O clima mantém-se tenso nos corredores de São Bento, apesar de o orçamento ter passado na votação na generalidade e de os socialistas já terem prometido igual votação no final do processo de debate orçamental.
Em causa estão as possíveis alterações no debate na especialidade e a definição do que o Governo considera que é um desvirtuar do documento. «Os problemas não estão todos ultrapassados e ainda há riscos», diz-nos um deputado da maioria.
Linhas vermelhas ou desvalorização
Numa altura em que os vários ministros fazem as audições da praxe no Parlamento, nos gabinetes partidários preparam-se as estratégias políticas para o próximo passo.
As inúmeras propostas de alteração que sempre aparecem para a discussão na especialidade do orçamento começam já a ser anunciadas e, se na sua maioria não levantam questões de vulto, há duas que podem fazer a diferença e ditar a abertura de uma nova crise em torno das contas para 2025.
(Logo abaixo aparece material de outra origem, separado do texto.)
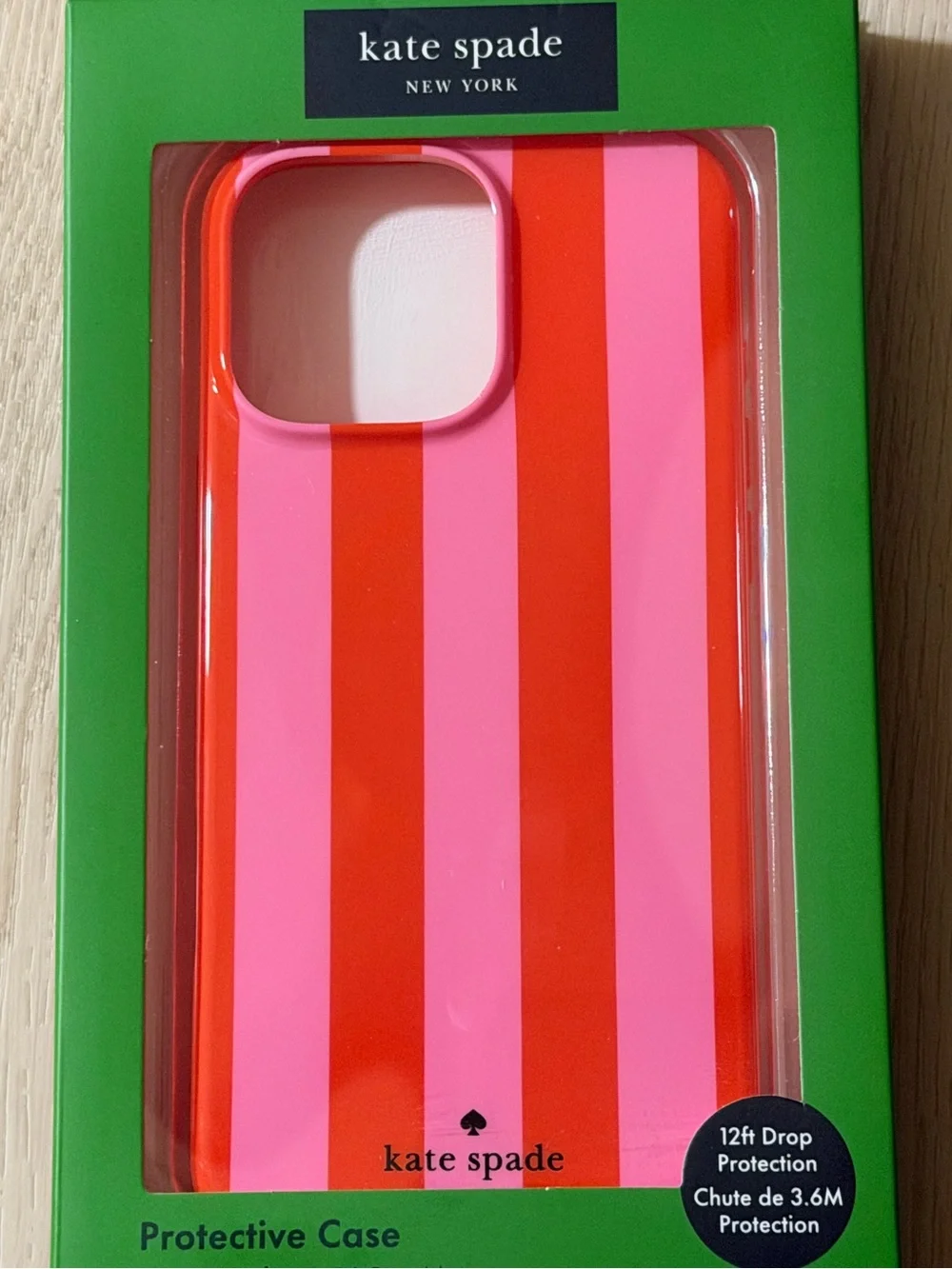 New in box kate spade Pink & Red Stripe iPhone 16 Pro Max Mag Safe case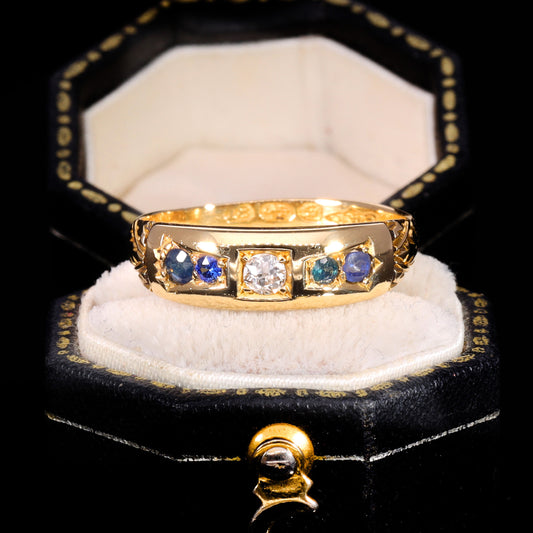 The Antique Victorian 1892 Sapphire And Diamond Ring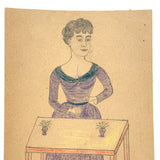 Woman in Purple at Table with Plants, Wonderful Antique Graphite and Crayon Drawing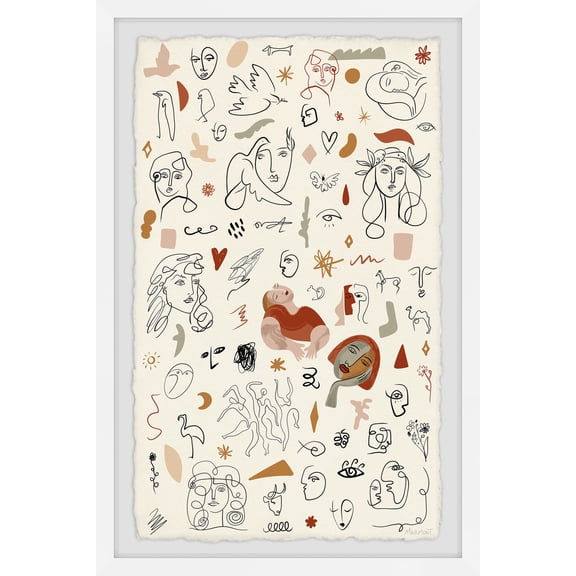 Retro Revival Framed Canvas Wall Art - Story Of The People Print - Large Modern Home Decor 30" x 45"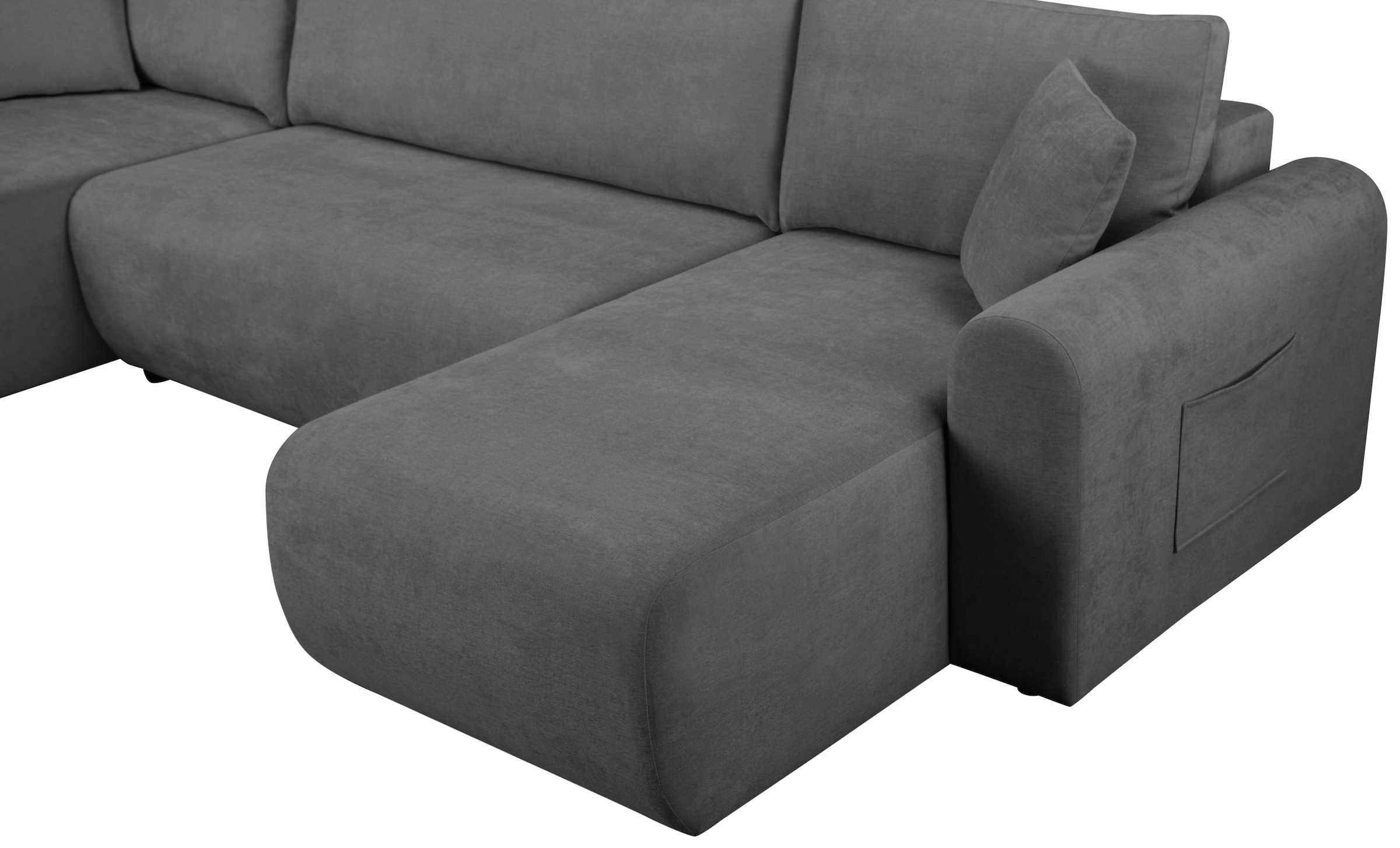 GOODproduct Wohnlandschaft »JONAA, 311 cm, U-Form, Schlafsofa, Boxspringfederung, Cord u. Struktur« 133/270cm, Bettkasten, Seitentaschen, Cord und Struktur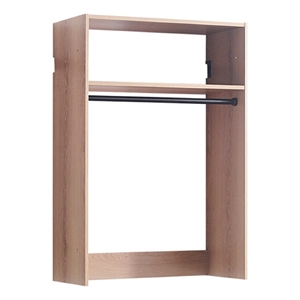 Benjara Vedz Wall Mount Walk in Closet- 1 Shelf w Hanging Rod- Oak Brown Wood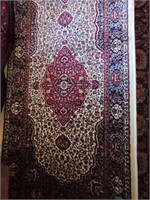 Kashmir style Ivory and Red Ground Runner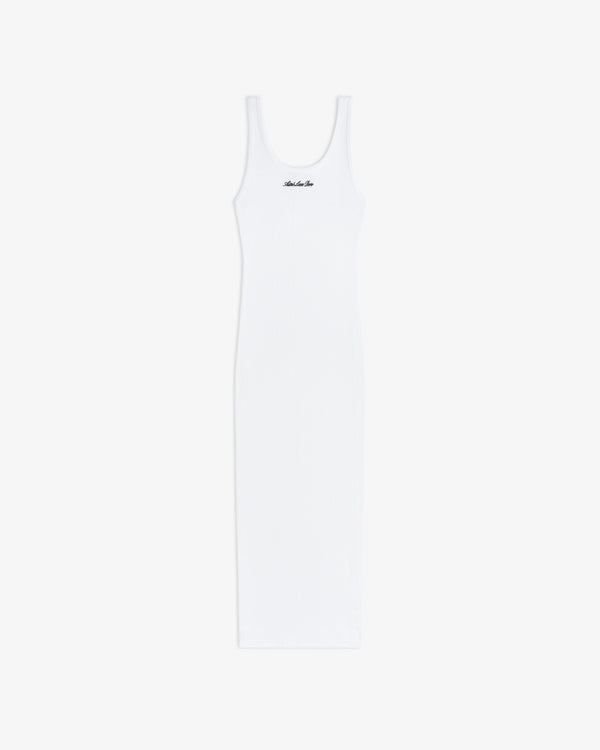 White ribbed midi Embroidered Logo Tank Dress with a scoop neck and small black chest embroidery.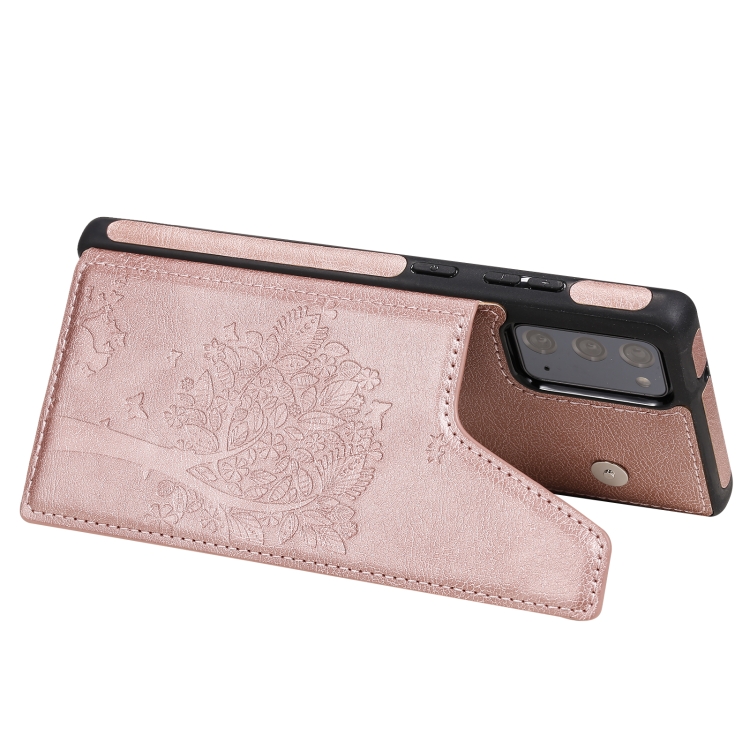 Cat Tree Embossing Pattern Shockproof Protective Case with Card Slots & Photo Frame & Holder For Samsung Galaxy Note20(Rose Gold) Cat Tree Embossing Pattern Shockproof Protective Case with Card Slots & Photo Frame & Holder For Samsung Galaxy Note20(Rose Gold)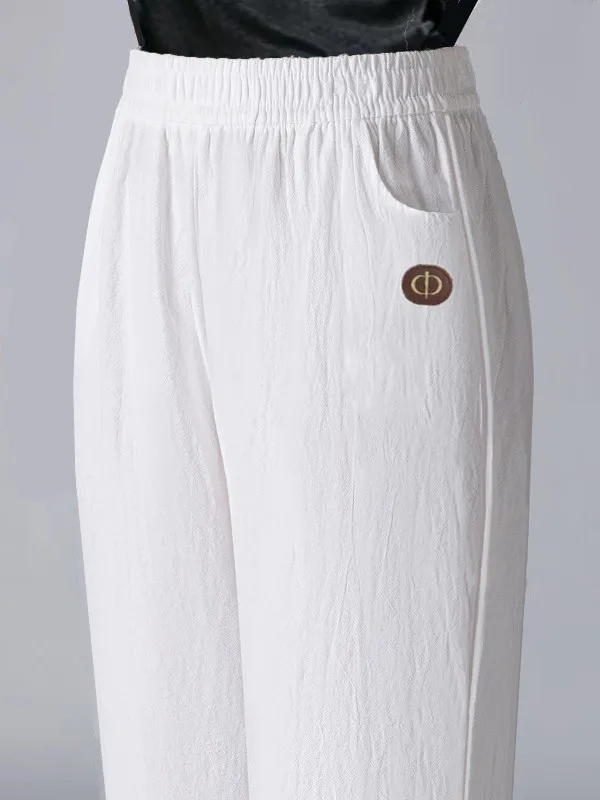 Summer Thin Cotton Linen Casual Harem Pants Women Loose High Waist Nine Points Straight Leg Pants Comfortable Breathable Trou...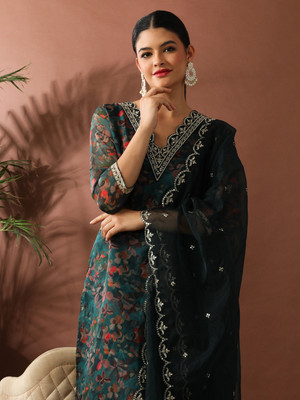 Jaipur Kurti Embroidered Kurta, Trouser/Pant & Dupatta Set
É certo que Pedro Nuno Santos já garantiu que não vai fazer propostas irresponsáveis nem que ponham em causa as contas do Governo. Mas também é verdade que tem vindo a ser anunciado o propósito de os socialistas proporem um aumento extraordinário de pensões. Para que a proposta não comprometa o excedente orçamental previsto pelo Governo, é necessário que surja em substituição de uma outra, e essa pode ser a descida de 1% nas taxas de IRC.
Caso isto venha a acontecer, o que farão os partidos do governo? Questionados pelo Nascer do SOL, deputados do PSD e do CDS apressaram-se em responder que não têm nada a dizer sobre o assunto. Ao que soubemos, Governo e grupos parlamentares ainda não definiram uma estratégia e há divisões sobre se o Governo deve deixar claras desde já quais são as linhas vermelhas que uma vez ultrapassadas «desvirtuam» o orçamento.
Para alguns dos deputados ouvidos esta semana pelo nosso jornal, deixar cair o IRC é deixar cair a marca da AD. «Isso não pode acontecer sob pena de darmos razão ao Chega para dizer que este é o orçamento do PS».
O Chega já anunciou que vai propor a diminuição de 2% de IRC, nos mesmos termos em que a proposta surgia no programa eleitoral da AD. No debate na especialidade, as propostas de alteração são as primeiras a ser votadas e, caso sejam aprovadas, substituem o articulado do documento original. Uma vez que o PSD já disse que votará contra, para cumprir o entendimento com os socialistas, a descida de 2% de IRCserá chumbada. Só depois é que a redução de 1% vai a votos e, a única forma de evitar que a descida do IRC acabe por não constar do orçamento é acautelar a abstenção dos socialistas. «Têm de ter primeiro a garantia de que o PS se abstém na descida de 1%, senão cai o IRC», diz-nos um deputado da AD.
‘Mais socialista não podia ser!’
O receio é que os socialistas, argumentando com a ideia de que não chegaram a acordo com o Governo e que o PS sempre se opôs à descida do IRC, não valorizem o ajuste na proposta feito no âmbito das negociações com o PS e os socialistas acabem por votar contra a diminuição do imposto.
«Esta não é uma mudança qualquer, é a queda de uma marca definidora da política da AD», refere uma voz preocupada com a possibilidade de a descida do IRC vir a ser sacrificada em nome da passagem do orçamento.
Com a intenção de afirmar um Partido Socialista diferente e crítico do Governo, apesar de garantir a aprovação do documento da AD, Pedro Nuno Santos, quer deixar a sua marca e, se o cruzamento com a estratégia do Chega correr bem, na versão final «pode sobrar um orçamento que não baixa o IRC e que dá um aumento extraordinário aos pensionistas. Mais socialista não podia ser!». O receio foi-nos referido por um deputado que explica como as agendas dos dois principais partidos da oposição podem bater certo para as estratégias de Pedro Nuno Santos e de André Ventura em simultâneo.
Depois de ter ficado de fora das negociações com o Governo, o Chega aposta numa demonstração de que é uma verdadeira alternativa à direita e vai acusar o governo de ter ficado com um orçamento socialista e, se o PS fizer passar o aumento de pensões com os votos do Chega, nada melhor para que no final Ventura e Pedro Nuno possam anunciar uma vitória e a capitulação do governo de Montenegro à oposição.
Estas são as contas que se vão fazendo por estes dias nos gabinetes da Assembleia da República e que estão a deixar os deputados da maioria preocupados com o day after. «Não podemos aprovar o orçamento a qualquer preço», dizem-nos.